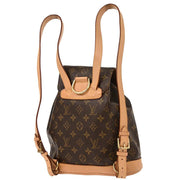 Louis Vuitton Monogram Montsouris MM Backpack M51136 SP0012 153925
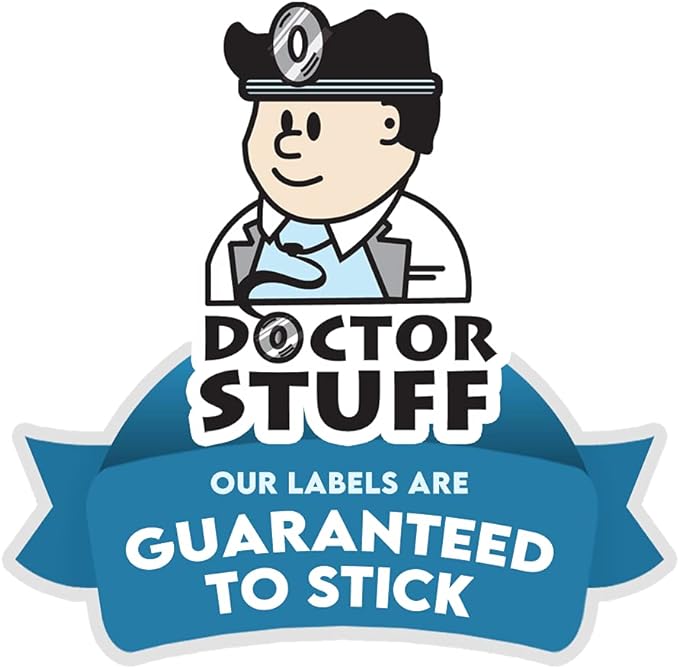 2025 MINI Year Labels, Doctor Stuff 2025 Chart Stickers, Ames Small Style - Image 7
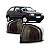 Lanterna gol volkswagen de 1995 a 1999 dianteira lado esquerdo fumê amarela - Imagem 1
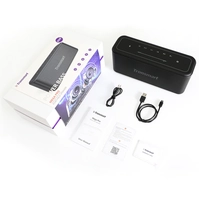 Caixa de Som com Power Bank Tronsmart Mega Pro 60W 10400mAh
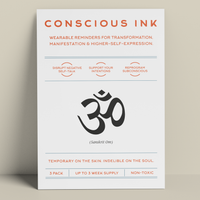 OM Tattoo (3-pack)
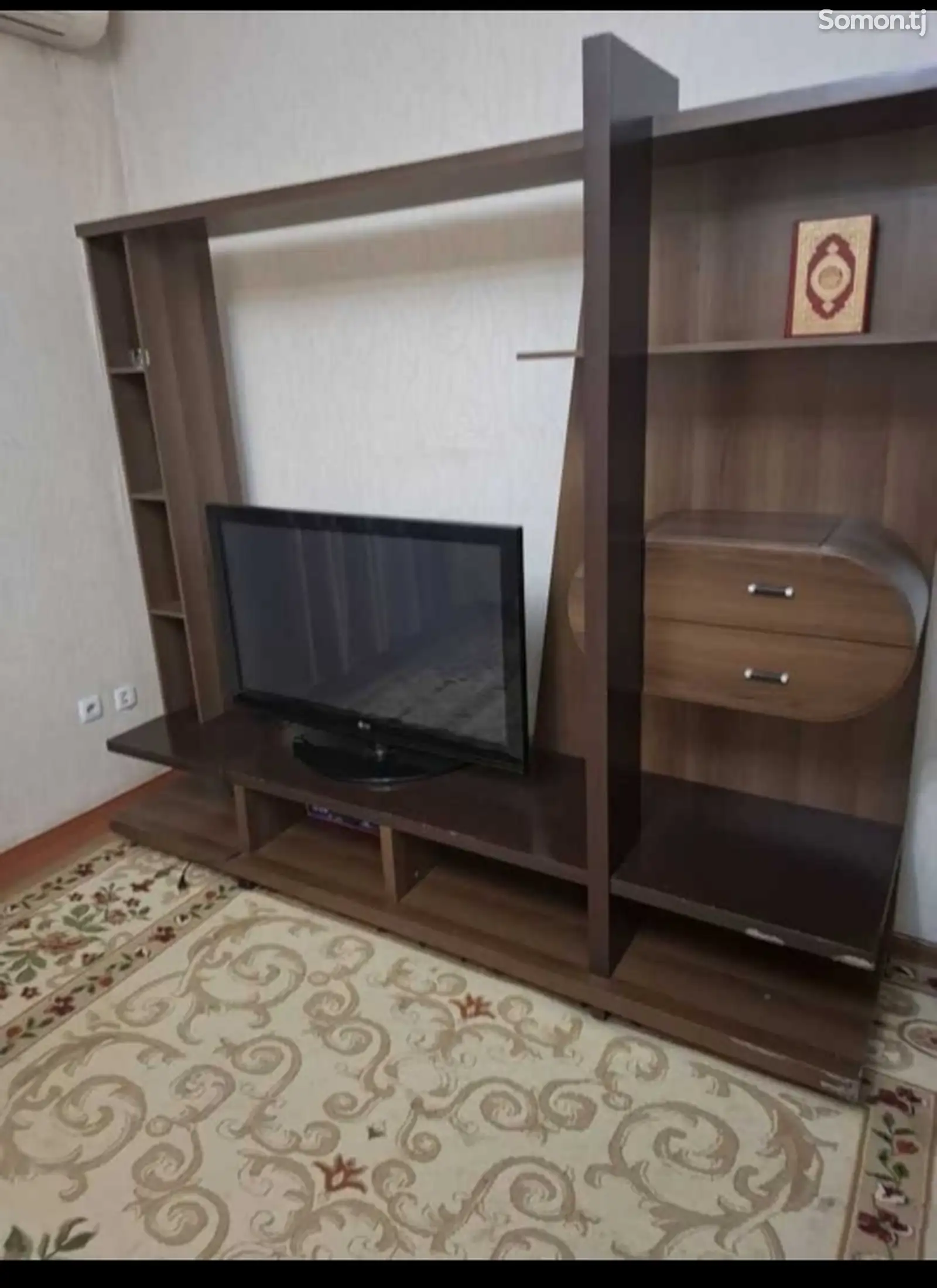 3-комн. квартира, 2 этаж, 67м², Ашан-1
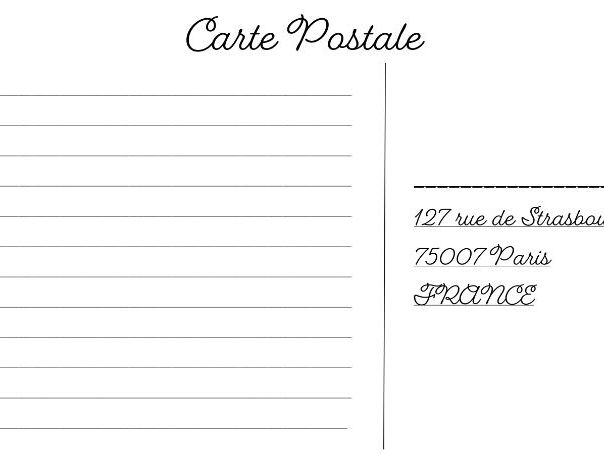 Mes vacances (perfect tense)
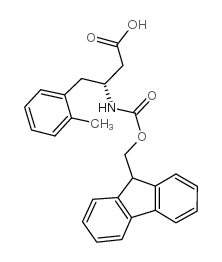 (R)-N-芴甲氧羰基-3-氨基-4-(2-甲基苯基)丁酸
=-=-=
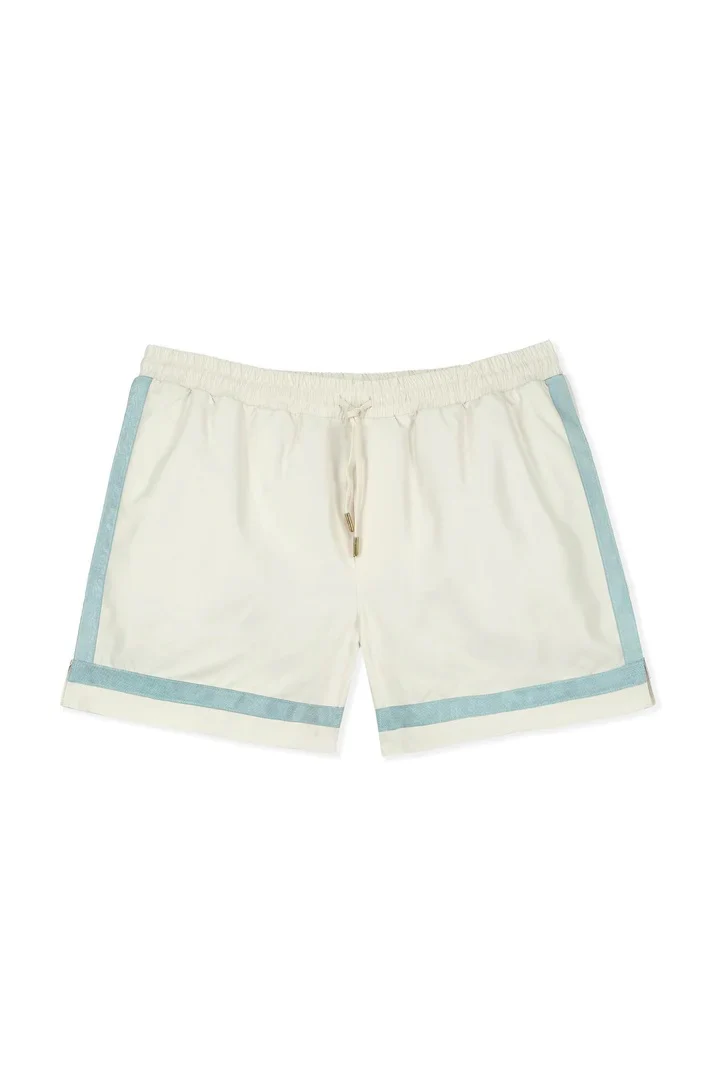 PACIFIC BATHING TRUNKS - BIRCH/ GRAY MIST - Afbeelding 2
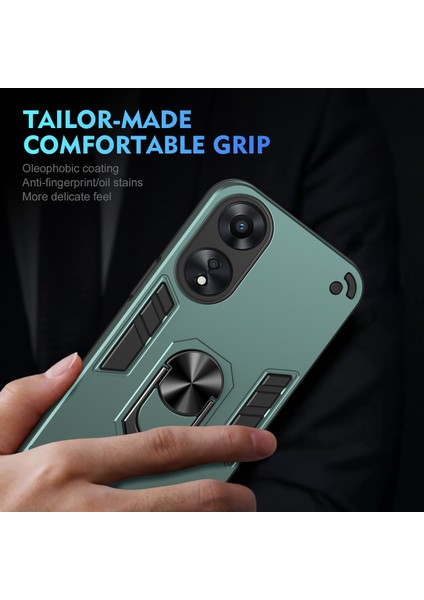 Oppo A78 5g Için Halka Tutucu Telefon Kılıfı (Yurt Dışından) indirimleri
=-=-=
#### Activity:
All lines above starting at the one with "Louis Vuitton Monogram" and ending at the one with "(R)-N-芴甲氧羰基-3-氨基-4-(2-甲基苯基)丁酸", inclusive, are to be printed again exactly, with the pictures left out.

#### Response:
 Louis Vuitton Monogram Montsouris MM Backpack M51136 SP0012 153925
 2025 MINI Year Labels, Doctor Stuff 2025 Chart Stickers, Ames Small Style - Image 7
 Lanterna gol volkswagen de 1995 a 1999 dianteira lado esquerdo fumê amarela - Imagem 1
 Caixa de Som com Power Bank Tronsmart Mega Pro 60W 10400mAh
 OM Tattoo (3-pack)
 3-комн. квартира, 2 этаж, 67м², Ашан-1
 Mes vacances (perfect tense)
 (R)-N-芴甲氧羰基-3-氨基-4-(2-甲基苯基)丁酸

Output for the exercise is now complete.